Uh… I don’t have a separate partition for /home. I have a separate zfs filesystem for it though. If I run into issues, I can restore from snapshot and not affect it.
Uh… I don’t have a separate partition for /home. I have a separate zfs filesystem for it though. If I run into issues, I can restore from snapshot and not affect it.
oOoo… 10 upvotes on a zfs raid 10. I feel like I got the perfect amount.
That is totally fair. Actually I just upgraded to 12 TB drives and that’s why I’m working on this. So huge props to your design choice. Also props for using zfs, I feel like it flies under the radar a lot.
Interesting… Though I know nothing about your particular setup, or migrating existing data, I have a similar project in the works. This project is to automatically setup a ZFS RAID 10 on Ubuntu 24.04.
If you are interested in seeing how I am doing it, I used the openzfs root on Debian/Ubuntu guides.
For the code, take a look at this git hub: https://github.com/Reddimes/ubuntu-zfsraid10/
One thing to note is this runs two zpools, one for / and one for /boot. It is also specifcally UEFI and if you need legacy you need to change the partitioning a little bit(see init.sh)
BE WARNED THAT THIS SCRUBS ALL FILESYSTEMS AND DELETES ALL PARTITIONS
To run it, load up a ubuntu-server live cd and run the following:
git clone --depth 1 https://github.com/Reddimes/ubuntu-zfsraid10.git
cd ubuntu-zfsraid10
chmod +x *.sh
vim init.sh # Change all disks to be relevant to your setup.
vim chroot.sh # Same thing here.
sudo ./init.sh
On first login, there are a few things I have not scripted yet:
apt update && apt full-upgrade
dpkg-reconfigure grub-efi-amd64
There are two parts to automating this, either I need to create a runonce.d service(here). Or I need to add a script to the users profile.d directory which goes ahead and deletes itself. And also I need to include a proper netplan configuration. I’m simply not there yet.

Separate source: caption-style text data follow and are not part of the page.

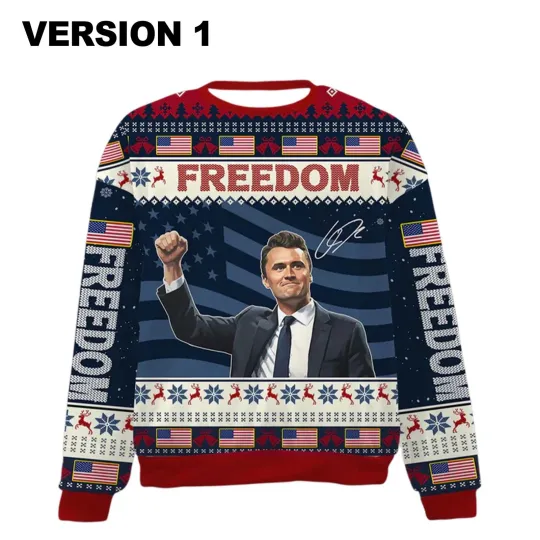 2025 Christmas Freedom Charlie Kirk Ugly Sweater , HOT  Ugly Sweater Christmas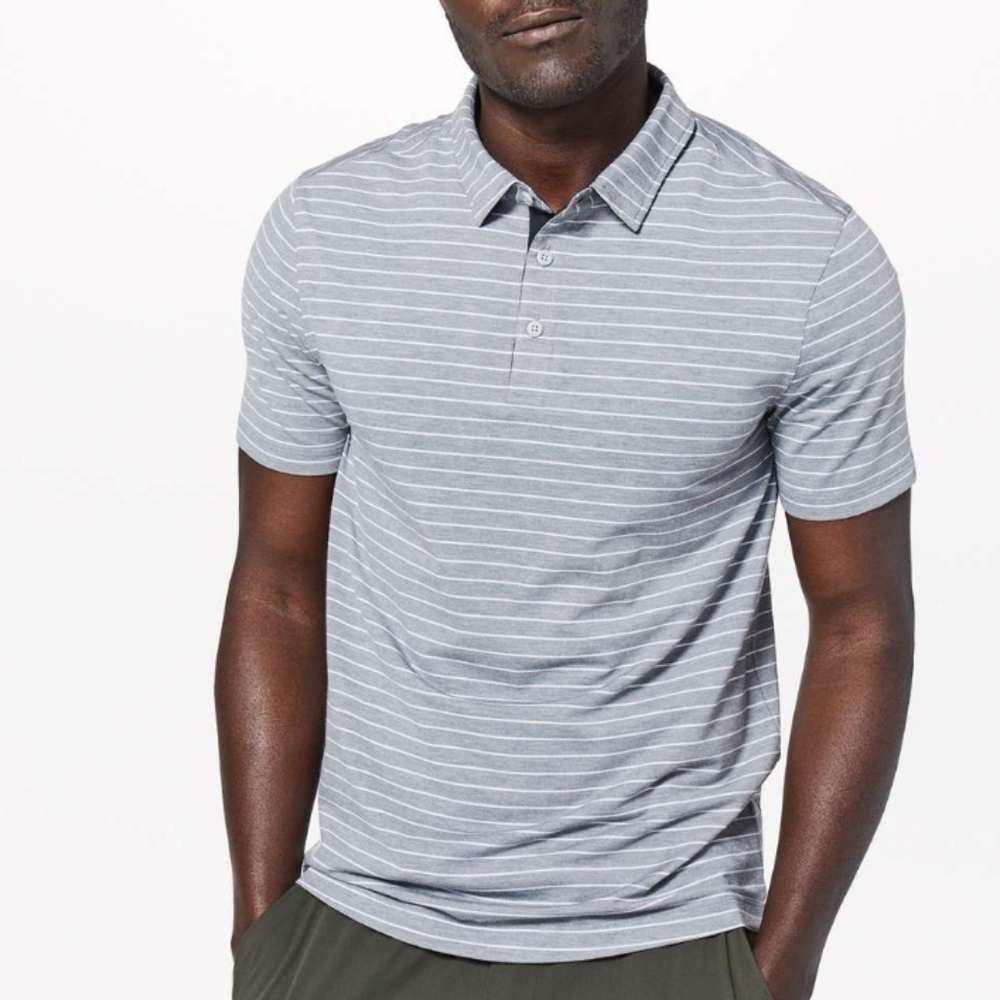 Lululemon Evolution Polo Bunker Stripe Heathered White Battleship Mens Small EUC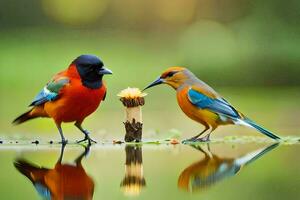 two colorful birds standing on the water with a flower. AI-Generated photo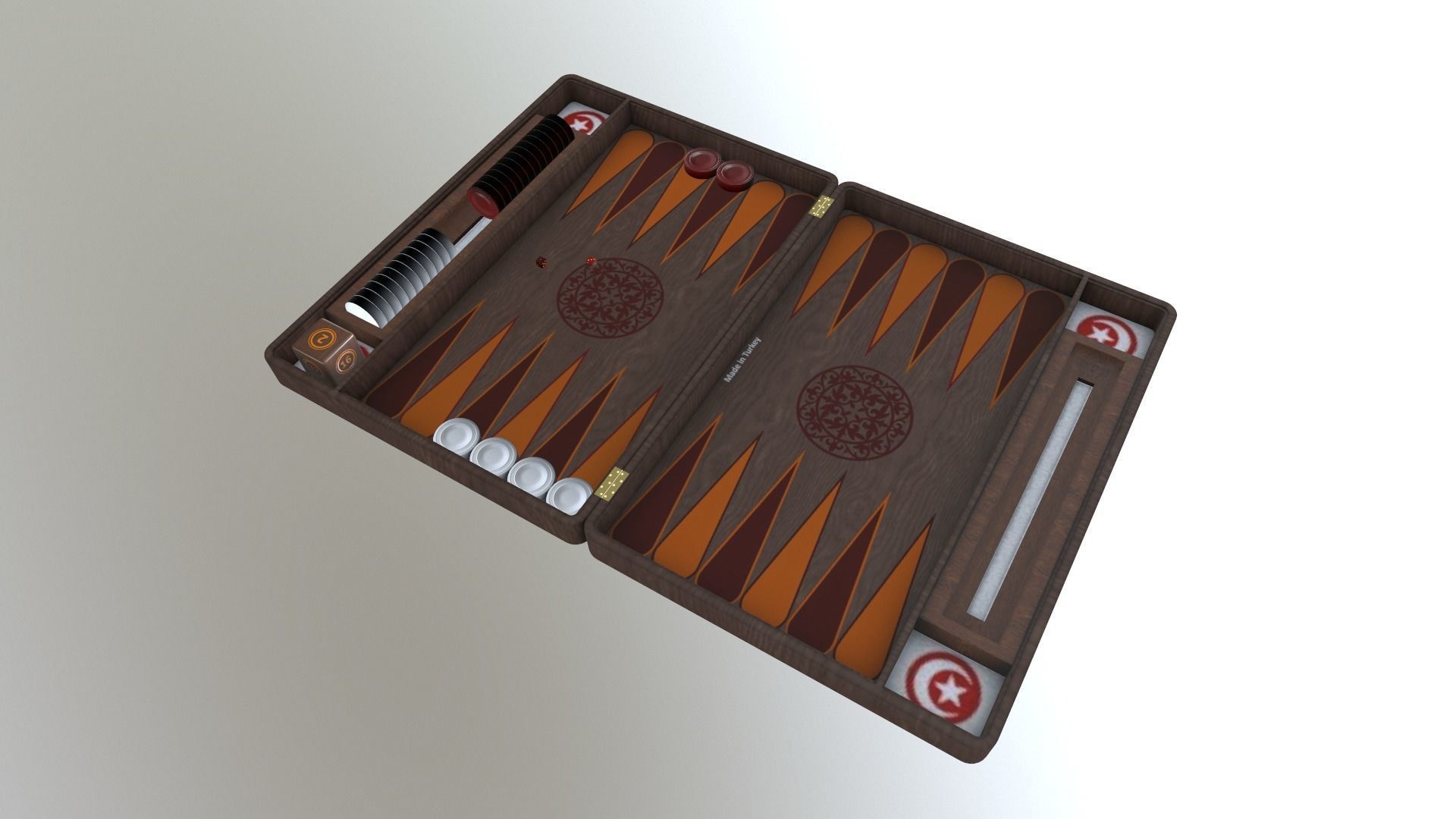 Backgammon set 3D model_3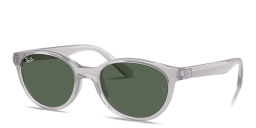 Shop Ray-Ban Junior Kids Bio-Based Square Sunglasses in Transparent Grey online.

I imagine in your case you could start a new pool and use zfs send to copy over the data from the old pool. Then remove the old pool entirely and add the old disks to the new pool. I certainly have never done this though and I suspect there may be an issue. The other option you have (if you have room for one more drive) is to configure it into a ZFS RAID 10. Then you don’t need to migrate the data, but just need to add an additional vdev mirror with the additional drive and resilver.
One thing I tried to do was to make the scripts easily customizable. It still is not yet ready for that, though. You could simply change the zpool commands in the init.sh.
That’s fair. I chose ZFS because I’ve used it before. And understand it fairly well already. I know nothing about BTRFS, so perhaps you could educate me a little. I’m working on setting up a cloudstack host using ZFS RAID 10. Does BTRFS have a flexible architecture to where you could do something similar?
Edit: Perhaps you could also inform me of the speeds of BTRFS too. From what I understand, ZFS outperforms BTRFS in large datasets, but I don’t know where the cutoff is. I’ll let you know it would need to run 12 ea 10TB HDDs.